Small Water-vessels.--No expedition should start without being fully supplied with these; for no bushman however ingenious, can make anything so efficient as casks, tin vessels or macintosh bags.

A tin vessel of the shape shown in the sketch, and large enough to hold a quart, is, I believe, the easiest to carry, the cleanest, and the most durable of small water-vessels. The curve in its shape is to allow of its accommodating itself to the back of the man who carries it. The tin loops at its sides are to admit the strap by which it is to be slung, and which passes through the loops underneath the bottom of the vessel, so that the weight may rest directly upon the strap. Lastly, the vessel has a pipette for drinking through, and a larger hole by which it is to be filled, and which at other times is stopped with a cork or wooden plug. When drinking out of the pipette, the cork must be loosened in order to admit air, like a vent hole. Macintosh bags, for wine or water, are very convenient to carry and they will remain water-tight for a long period when fairly used. (Mem.--Oil and grease are as fatal to macintosh as they are to iron rust.) But the taste that these vessels impart to their contents is abominable, not only at first but for a very long time; in two-thirds of them it is never to be got rid of. Never believe shopkeepers in an india-rubber shop, in their assurances to the contrary; they are incompetent to judge aright, for their senses seem vitiated by the air they live in. The best shape for a small macintosh water-vessel has yet to be determined. Several alpine men use them; and their most recent patterns may probably best be seen at Carter's, Alpine Outfitter, Oxford Street. A flask of dressed hide (pig, goat, or dog) with a wooden nozzle, and a wooden plug to fit into it, is very good. Canvas bags, smeared with grease on the outside, will become nearly waterproof after a short soaking. A strong glass flask may be made out of a soda-water bottle; it should have raw hide shrunk upon it to preserve it from sharp taps Likely to make a crack. Calabashes and other gourds, cocoa-nuts and ostrich eggs, are all of them excellent for flasks. The Bushmen of South Africa make great use of ostrich shells as water-vessels. They have stations at many places in the desert, where they bury these shells filled with water, corked with grass, and occasionally waxed over. They thus go without hesitation over wide tracts, for their sense of locality is so strong that they never fear to forget the spot in which they have dug their hiding-place.

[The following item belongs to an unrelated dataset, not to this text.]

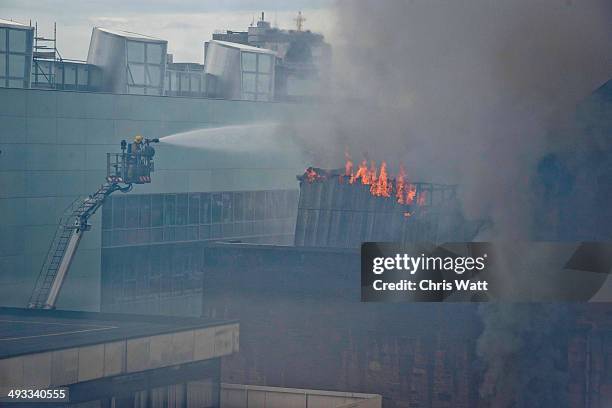 Firefighter tackles a blaze at the Glasgow School of Art Charles Rennie Mackintosh Building on May 23, 2014 in Glasgow, Scotland. The fire at the...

When a Dutchman or a Namaqua wants to carry a load of ostrich eggs to or from the watering-place, or when he robs a nest, he takes off his trousers, ties up the ankles, puts the eggs in the legs, and carries off his load slung round his neck. Nay, I have seen a half-civilised Hottentot carry water in his leather breeches, ties up and slung in the way I have just described, but without the intervention of ostrich eggs; the water squired through the seams, but plenty remained after he had carried it to its destination, which was a couple of miles from the watering-place. In an emergency, water-flasks can be improvised from the raw or dry skins of animals, which should be greased down the back; or from the paunch, the heart-bag (pericardium), the intestines, or the bladder. These should have a wooden skewer runing and out along one side of their mouths, by which they can be carried, and a lashing under the skewer to make all tight (fig. below).